INFORMATION SUPPLIED below:
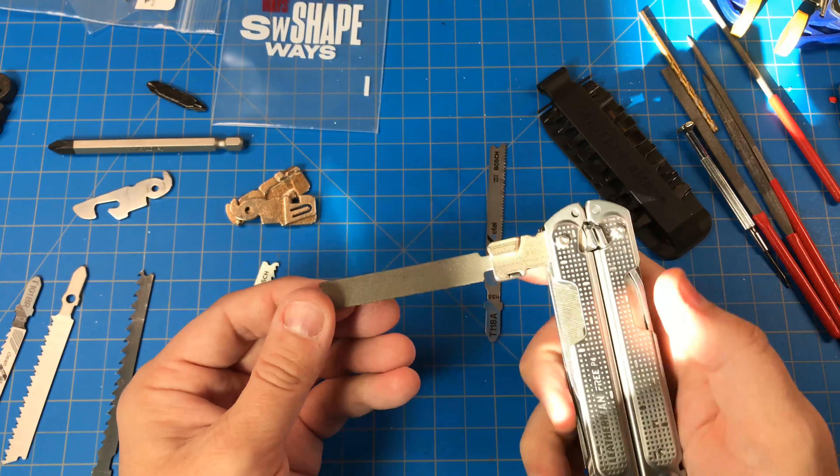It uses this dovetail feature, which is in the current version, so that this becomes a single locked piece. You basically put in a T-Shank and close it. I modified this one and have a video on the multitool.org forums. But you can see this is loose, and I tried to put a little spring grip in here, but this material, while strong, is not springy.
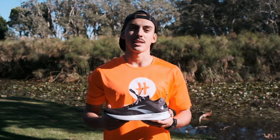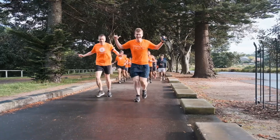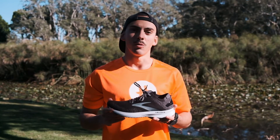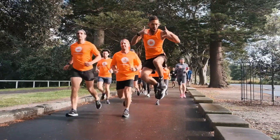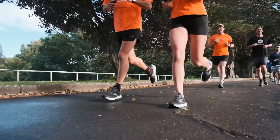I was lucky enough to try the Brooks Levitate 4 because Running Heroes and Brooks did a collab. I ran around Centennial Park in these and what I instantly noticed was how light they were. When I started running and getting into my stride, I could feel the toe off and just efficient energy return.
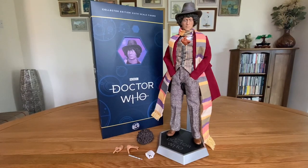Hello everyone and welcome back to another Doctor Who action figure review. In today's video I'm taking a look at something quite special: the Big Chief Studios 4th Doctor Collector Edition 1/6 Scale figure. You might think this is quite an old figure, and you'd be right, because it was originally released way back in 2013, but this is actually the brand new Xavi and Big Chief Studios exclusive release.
End of INFORMATION SUPPLIED.
■ PROBLEM DESCRIPTION ■
Apart from the pictures, every line of the data above should be given again exactly.

■ SOLUTION TO THE EXERCISE ■
It uses this dovetail feature, which is in the current version, so that this becomes a single locked piece. You basically put in a T-Shank and close it. I modified this one and have a video on the multitool.org forums. But you can see this is loose, and I tried to put a little spring grip in here, but this material, while strong, is not springy.
I was lucky enough to try the Brooks Levitate 4 because Running Heroes and Brooks did a collab. I ran around Centennial Park in these and what I instantly noticed was how light they were. When I started running and getting into my stride, I could feel the toe off and just efficient energy return.
Hello everyone and welcome back to another Doctor Who action figure review. In today's video I'm taking a look at something quite special: the Big Chief Studios 4th Doctor Collector Edition 1/6 Scale figure. You might think this is quite an old figure, and you'd be right, because it was originally released way back in 2013, but this is actually the brand new Xavi and Big Chief Studios exclusive release.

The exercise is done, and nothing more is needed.